The problem = Please give an exact printout of the records, without any pictures.
BEGIN Records shown
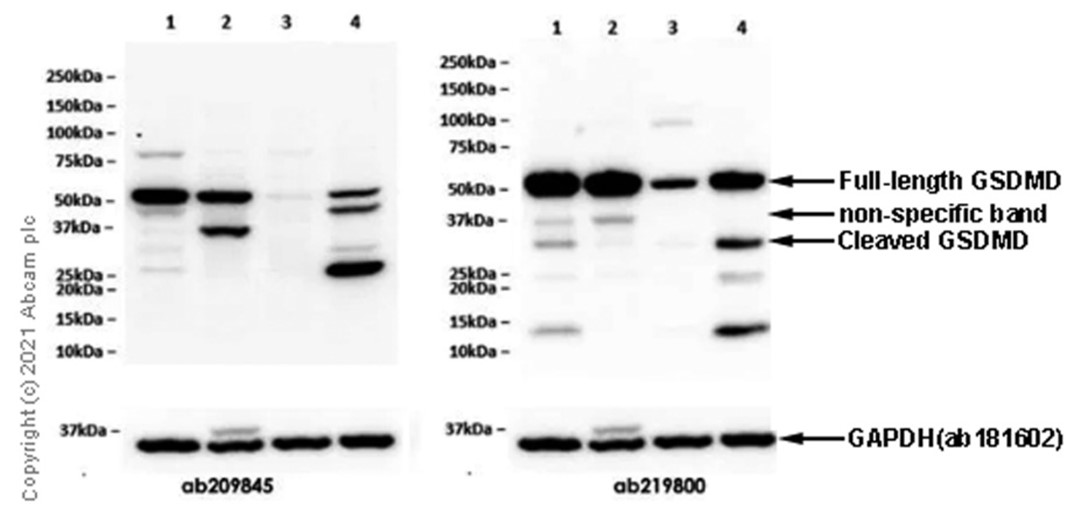 Western blot - Anti-GSDMD antibody [EPR19828] - BSA and Azide free (ab225867), expandable thumbnail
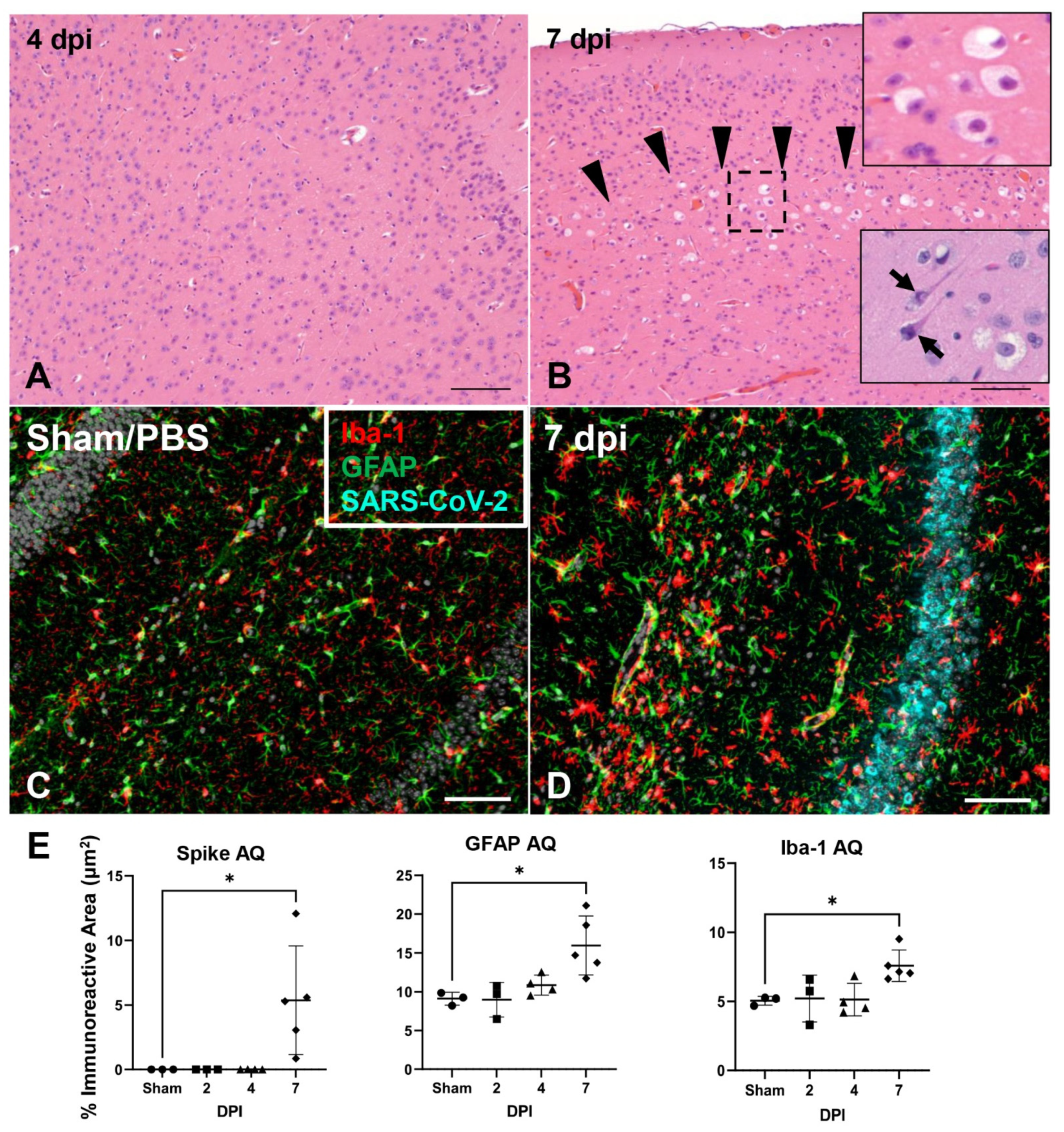 Viruses 14 00535 g007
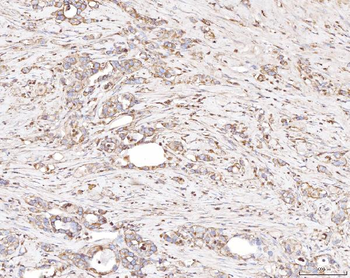 PLP2 Antibody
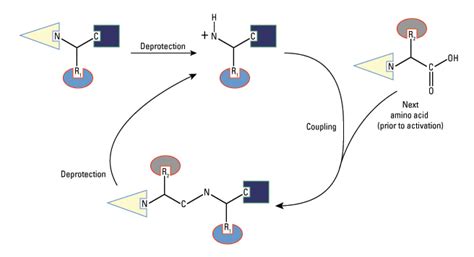 Peptide Synthesis – Extreme Peptides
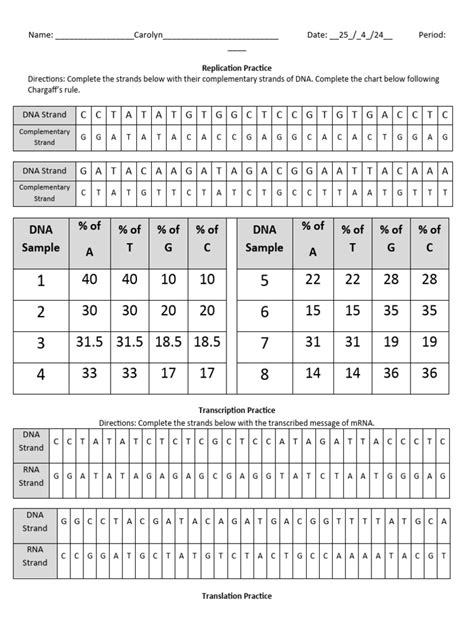 Image result for Protein Synthesis Practice Sheet the Genetic Code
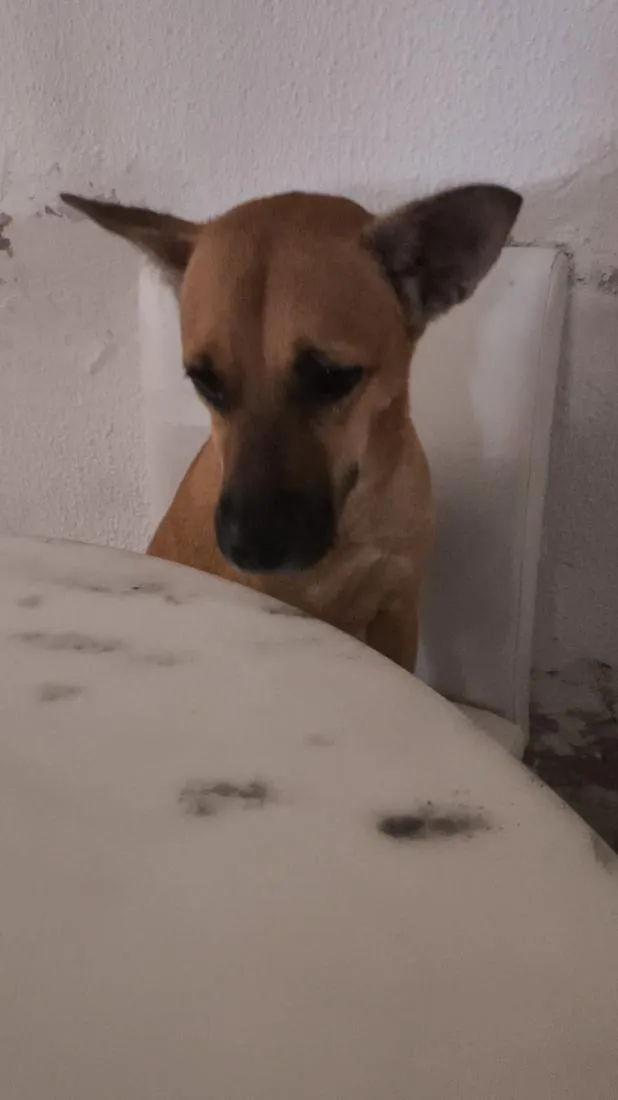 Cachorro raça SRD-ViraLata idade 2 anos nome Alice 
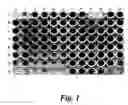 Fig. 02 - Artificial cpg single-stranded oligodeoxynucleotide and antiviral use thereof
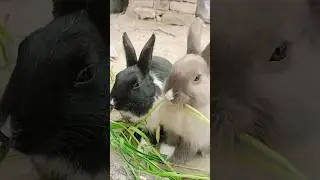 Beautiful Rabbits of My Heart 🐰#shorts #rabbit #animal #viral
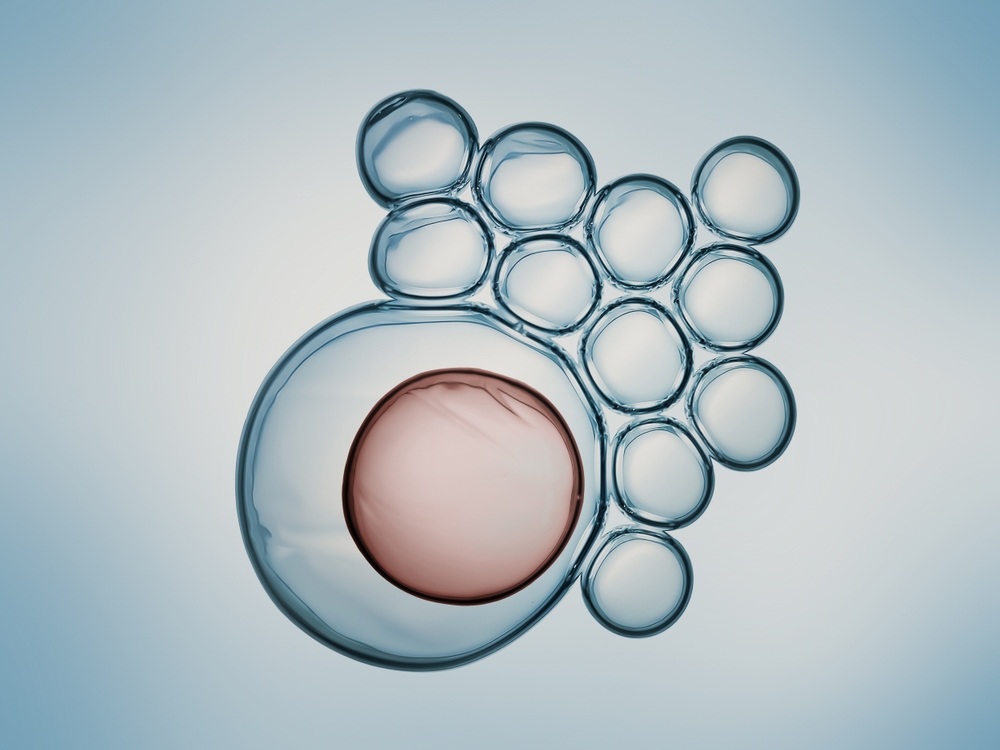 What are Adult Stem Cells?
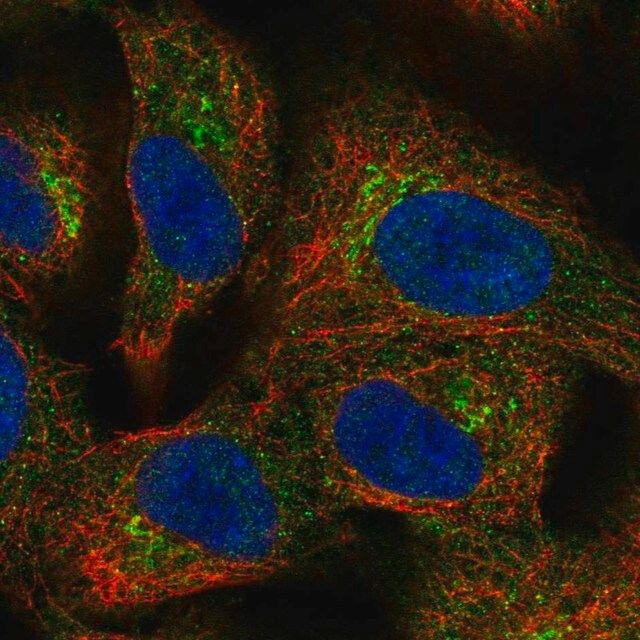 Anti-BIRC6 antibody produced in rabbit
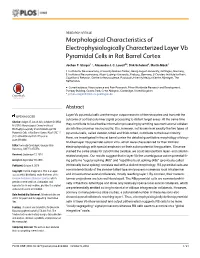 Morphological Characteristics of Electrophysiologically Characterized Layer Vb Pyramidal Cells in Rat Barrel Cortex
END Records shown
Response =
 Western blot - Anti-GSDMD antibody [EPR19828] - BSA and Azide free (ab225867), expandable thumbnail
 Viruses 14 00535 g007
 PLP2 Antibody
 Peptide Synthesis – Extreme Peptides
 Image result for Protein Synthesis Practice Sheet the Genetic Code
 Cachorro raça SRD-ViraLata idade 2 anos nome Alice 
 Fig. 02 - Artificial cpg single-stranded oligodeoxynucleotide and antiviral use thereof
 Beautiful Rabbits of My Heart 🐰#shorts #rabbit #animal #viral
 What are Adult Stem Cells?
 Anti-BIRC6 antibody produced in rabbit
 Morphological Characteristics of Electrophysiologically Characterized Layer Vb Pyramidal Cells in Rat Barrel Cortex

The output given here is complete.